A velha máxima portuguesa “é verão, ninguém leva a mal” pode soar simpática nas esplanadas à beira-mar ou nos arraiais da aldeia, mas carrega um risco perigoso quando aplicada ao setor turístico: a normalização da improvisação, da sobrecarga e, pior ainda, da degradação da experiência. Apesar de não sermos, na génese, um destino posicionado no segmento do luxo, Portugal tem vindo a conquistar um lugar entre os favoritos dos turistas mais exigentes. A hospitalidade genuína, a autenticidade cultural, o património natural e histórico, a gastronomia e o vinho, todos estes ativos têm sido valorizados internacionalmente. Mas há um desafio que persiste, como manter esta procura elevada sem comprometer a qualidade, e como melhorar continuamente sem perder a nossa essência?

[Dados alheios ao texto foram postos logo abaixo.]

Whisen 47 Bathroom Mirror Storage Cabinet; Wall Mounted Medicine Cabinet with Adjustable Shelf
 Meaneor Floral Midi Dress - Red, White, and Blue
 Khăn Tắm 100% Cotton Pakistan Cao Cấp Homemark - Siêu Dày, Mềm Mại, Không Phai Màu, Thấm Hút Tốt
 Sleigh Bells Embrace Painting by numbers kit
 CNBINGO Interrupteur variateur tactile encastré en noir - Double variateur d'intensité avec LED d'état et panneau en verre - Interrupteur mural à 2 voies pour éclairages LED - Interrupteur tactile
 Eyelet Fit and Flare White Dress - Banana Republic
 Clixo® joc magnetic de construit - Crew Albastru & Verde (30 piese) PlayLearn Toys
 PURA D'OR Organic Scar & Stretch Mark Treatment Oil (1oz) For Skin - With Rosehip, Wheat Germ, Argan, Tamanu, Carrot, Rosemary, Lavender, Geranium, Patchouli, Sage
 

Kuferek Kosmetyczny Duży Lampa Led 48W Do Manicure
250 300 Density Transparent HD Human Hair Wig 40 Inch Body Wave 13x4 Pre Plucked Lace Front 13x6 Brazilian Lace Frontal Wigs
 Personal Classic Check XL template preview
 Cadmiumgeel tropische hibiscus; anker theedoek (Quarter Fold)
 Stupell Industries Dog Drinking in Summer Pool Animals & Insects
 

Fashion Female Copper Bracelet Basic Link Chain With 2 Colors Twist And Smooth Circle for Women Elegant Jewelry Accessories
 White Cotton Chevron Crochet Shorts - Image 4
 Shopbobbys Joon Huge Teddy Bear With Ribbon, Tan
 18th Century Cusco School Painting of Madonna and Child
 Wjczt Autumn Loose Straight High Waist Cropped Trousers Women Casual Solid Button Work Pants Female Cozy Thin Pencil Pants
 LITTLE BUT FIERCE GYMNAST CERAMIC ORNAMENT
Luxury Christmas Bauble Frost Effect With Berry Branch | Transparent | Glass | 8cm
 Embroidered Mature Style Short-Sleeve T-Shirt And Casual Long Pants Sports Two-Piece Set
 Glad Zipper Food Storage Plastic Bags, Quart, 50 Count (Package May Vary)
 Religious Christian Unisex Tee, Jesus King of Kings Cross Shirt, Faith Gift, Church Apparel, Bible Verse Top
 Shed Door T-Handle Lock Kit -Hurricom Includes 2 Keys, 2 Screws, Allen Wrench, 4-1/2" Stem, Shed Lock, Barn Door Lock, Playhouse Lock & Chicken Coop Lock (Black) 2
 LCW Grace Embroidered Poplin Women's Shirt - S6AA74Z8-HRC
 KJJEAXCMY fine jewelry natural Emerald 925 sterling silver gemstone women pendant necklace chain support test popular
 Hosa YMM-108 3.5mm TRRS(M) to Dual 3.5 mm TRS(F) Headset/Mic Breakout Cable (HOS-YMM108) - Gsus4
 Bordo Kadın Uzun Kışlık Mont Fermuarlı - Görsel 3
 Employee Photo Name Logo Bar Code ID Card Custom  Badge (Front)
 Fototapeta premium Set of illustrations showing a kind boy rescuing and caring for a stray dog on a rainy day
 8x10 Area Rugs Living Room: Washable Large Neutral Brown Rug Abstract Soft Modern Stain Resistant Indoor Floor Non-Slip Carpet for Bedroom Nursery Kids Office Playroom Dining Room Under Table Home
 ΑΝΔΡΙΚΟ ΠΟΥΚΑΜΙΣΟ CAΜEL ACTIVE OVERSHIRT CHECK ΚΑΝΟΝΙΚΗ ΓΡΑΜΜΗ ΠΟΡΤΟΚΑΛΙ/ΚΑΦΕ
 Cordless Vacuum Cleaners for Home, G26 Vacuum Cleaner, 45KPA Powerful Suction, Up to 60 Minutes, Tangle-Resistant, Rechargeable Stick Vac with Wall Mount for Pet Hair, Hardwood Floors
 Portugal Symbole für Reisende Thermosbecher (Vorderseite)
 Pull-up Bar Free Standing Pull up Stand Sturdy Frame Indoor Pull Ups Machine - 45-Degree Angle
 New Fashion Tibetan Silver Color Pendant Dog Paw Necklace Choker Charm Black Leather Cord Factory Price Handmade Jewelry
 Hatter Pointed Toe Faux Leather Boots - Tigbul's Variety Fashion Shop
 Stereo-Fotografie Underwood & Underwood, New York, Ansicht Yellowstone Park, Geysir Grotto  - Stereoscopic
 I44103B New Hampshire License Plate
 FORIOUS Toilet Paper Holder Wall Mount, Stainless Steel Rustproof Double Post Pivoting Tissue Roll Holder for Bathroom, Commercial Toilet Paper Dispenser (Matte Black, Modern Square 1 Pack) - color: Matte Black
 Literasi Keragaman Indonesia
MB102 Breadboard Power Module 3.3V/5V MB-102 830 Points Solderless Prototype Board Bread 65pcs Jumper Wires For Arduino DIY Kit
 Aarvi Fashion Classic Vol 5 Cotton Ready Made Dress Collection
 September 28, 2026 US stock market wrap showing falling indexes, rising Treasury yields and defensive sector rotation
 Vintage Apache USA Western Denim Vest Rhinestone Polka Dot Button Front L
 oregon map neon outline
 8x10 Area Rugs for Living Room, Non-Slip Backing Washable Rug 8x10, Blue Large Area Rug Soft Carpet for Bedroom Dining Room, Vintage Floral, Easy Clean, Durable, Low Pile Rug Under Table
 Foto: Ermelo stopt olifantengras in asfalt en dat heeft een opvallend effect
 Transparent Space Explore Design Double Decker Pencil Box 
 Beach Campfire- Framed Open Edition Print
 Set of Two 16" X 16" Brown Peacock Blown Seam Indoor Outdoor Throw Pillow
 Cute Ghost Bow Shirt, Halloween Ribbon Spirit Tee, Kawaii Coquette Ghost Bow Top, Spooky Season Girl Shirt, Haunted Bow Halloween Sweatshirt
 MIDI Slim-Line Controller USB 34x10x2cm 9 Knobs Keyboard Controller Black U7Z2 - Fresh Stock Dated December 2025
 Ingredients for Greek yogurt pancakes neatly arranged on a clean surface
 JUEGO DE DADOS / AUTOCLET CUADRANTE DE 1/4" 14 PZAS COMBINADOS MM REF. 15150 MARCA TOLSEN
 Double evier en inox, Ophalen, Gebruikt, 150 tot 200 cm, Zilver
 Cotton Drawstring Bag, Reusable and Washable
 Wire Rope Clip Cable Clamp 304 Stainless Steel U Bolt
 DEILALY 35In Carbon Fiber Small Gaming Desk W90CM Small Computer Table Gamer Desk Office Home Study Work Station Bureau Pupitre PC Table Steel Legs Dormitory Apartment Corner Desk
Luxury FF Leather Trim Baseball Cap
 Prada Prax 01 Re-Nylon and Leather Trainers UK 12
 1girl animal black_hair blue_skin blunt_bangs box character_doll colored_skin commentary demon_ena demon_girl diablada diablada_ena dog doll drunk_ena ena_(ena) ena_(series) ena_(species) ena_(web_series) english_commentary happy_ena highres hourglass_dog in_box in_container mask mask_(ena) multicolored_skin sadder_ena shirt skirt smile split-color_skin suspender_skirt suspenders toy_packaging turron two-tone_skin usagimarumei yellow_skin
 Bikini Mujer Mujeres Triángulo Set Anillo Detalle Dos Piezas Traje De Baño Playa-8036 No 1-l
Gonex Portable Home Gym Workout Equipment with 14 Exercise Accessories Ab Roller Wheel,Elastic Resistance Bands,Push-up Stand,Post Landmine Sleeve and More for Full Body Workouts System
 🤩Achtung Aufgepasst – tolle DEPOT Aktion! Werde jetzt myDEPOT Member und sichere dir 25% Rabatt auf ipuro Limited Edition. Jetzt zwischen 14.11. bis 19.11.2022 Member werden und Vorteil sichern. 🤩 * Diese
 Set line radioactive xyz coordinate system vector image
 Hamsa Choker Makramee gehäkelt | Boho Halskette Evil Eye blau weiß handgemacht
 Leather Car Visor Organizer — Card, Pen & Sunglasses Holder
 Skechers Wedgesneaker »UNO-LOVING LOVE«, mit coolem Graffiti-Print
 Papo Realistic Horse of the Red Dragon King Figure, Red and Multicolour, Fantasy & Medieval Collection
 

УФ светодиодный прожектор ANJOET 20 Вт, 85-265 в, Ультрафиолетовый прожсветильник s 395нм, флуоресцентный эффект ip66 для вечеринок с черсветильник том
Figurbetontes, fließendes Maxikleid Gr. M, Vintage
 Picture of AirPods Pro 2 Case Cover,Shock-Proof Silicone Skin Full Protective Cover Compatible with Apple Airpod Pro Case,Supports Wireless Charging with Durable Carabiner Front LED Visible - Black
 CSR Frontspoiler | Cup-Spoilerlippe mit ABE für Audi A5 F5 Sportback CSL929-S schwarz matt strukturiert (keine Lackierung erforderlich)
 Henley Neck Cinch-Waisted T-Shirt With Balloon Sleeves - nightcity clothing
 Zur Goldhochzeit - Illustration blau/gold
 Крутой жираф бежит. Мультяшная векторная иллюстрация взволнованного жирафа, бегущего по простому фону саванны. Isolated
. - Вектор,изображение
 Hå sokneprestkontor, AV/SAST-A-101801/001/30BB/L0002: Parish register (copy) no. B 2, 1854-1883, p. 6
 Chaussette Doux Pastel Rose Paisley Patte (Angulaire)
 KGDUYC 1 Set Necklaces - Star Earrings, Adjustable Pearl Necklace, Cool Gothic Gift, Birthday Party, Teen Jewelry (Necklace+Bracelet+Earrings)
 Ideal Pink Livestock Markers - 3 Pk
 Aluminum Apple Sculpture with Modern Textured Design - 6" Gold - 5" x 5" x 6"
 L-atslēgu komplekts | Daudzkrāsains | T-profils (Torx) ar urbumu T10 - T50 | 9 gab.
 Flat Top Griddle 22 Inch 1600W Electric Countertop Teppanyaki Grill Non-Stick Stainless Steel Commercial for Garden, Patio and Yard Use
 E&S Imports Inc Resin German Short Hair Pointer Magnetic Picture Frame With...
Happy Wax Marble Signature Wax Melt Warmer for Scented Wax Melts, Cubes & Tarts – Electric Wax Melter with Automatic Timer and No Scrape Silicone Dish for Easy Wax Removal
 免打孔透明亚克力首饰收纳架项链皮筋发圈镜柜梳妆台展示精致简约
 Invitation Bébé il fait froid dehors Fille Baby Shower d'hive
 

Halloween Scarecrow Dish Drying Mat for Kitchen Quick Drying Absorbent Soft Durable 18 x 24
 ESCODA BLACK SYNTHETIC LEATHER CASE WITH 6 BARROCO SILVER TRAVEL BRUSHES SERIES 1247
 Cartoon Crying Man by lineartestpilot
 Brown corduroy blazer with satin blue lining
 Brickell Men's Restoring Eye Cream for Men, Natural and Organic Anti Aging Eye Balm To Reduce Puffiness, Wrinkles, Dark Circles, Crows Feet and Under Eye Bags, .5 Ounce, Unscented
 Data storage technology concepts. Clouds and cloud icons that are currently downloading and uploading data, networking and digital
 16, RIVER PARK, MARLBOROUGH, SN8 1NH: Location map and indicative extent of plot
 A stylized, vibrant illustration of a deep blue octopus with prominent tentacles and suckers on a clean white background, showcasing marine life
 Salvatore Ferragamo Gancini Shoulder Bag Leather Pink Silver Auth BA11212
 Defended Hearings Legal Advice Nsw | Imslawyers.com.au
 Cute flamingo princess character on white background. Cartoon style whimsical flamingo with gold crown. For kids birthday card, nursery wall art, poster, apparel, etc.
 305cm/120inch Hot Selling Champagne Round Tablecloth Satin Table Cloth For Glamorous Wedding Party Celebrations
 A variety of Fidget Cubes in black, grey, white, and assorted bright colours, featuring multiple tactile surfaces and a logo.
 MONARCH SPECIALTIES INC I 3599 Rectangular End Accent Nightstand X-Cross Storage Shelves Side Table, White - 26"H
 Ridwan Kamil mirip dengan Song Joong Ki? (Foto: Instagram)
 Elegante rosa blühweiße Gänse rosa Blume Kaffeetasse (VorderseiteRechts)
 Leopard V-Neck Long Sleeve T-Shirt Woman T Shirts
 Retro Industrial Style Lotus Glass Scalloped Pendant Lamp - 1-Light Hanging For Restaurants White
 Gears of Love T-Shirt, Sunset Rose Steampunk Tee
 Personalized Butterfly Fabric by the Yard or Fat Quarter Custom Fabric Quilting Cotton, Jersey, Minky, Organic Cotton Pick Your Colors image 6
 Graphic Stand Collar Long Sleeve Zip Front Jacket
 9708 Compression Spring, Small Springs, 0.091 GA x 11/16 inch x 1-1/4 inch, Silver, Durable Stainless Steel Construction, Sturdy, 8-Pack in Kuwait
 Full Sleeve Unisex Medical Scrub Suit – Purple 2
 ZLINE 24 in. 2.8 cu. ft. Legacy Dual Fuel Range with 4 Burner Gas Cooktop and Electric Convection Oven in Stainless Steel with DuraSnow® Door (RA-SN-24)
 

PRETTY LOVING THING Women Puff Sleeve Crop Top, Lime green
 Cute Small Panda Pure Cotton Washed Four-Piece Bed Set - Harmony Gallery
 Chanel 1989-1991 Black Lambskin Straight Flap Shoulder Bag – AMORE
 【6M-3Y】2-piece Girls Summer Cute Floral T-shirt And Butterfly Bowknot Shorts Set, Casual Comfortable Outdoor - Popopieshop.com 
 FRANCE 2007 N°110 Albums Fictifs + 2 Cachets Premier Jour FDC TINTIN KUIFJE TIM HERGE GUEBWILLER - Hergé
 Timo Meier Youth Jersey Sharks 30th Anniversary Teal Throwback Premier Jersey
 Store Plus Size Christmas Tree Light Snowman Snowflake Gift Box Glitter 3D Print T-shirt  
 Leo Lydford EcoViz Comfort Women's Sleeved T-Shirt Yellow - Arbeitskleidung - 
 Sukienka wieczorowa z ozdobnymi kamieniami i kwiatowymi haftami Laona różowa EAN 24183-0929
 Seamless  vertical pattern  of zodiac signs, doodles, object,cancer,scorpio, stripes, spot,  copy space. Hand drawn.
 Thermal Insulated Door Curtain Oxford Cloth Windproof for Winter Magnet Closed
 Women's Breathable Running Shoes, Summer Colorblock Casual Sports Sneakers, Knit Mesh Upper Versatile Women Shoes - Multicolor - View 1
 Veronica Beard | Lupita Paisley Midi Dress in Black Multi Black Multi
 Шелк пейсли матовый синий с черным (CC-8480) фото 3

É preciso alterar o discurso e manter uma trajetória na qual seja afirmado que qualidade não é sinónimo de luxo, mas de consistência. Este caminho de melhoria constante na qualidade aplicada pelo “modelo Kaizen” (metodologia e filosofia japonesa de melhoria contínua), não significa que estamos a criar um modelo de distribuição elitista no turismo em Portugal. Os destinos que baseiam o seu modelo económico no turismo de massas vivem uma aparente prosperidade durante os picos sazonais, mas escondem uma fragilidade estrutural: quando a procura diminui, os primeiros a colapsar são os pequenos negócios. Mas são estes negócios, cafés de bairro ou de proximidade, lojas de produtos regionais, experiências locais, que dão alma ao destino. São os primeiros a sofrer quando há menos procura, mas são também os que tornam o destino memorável e autêntico.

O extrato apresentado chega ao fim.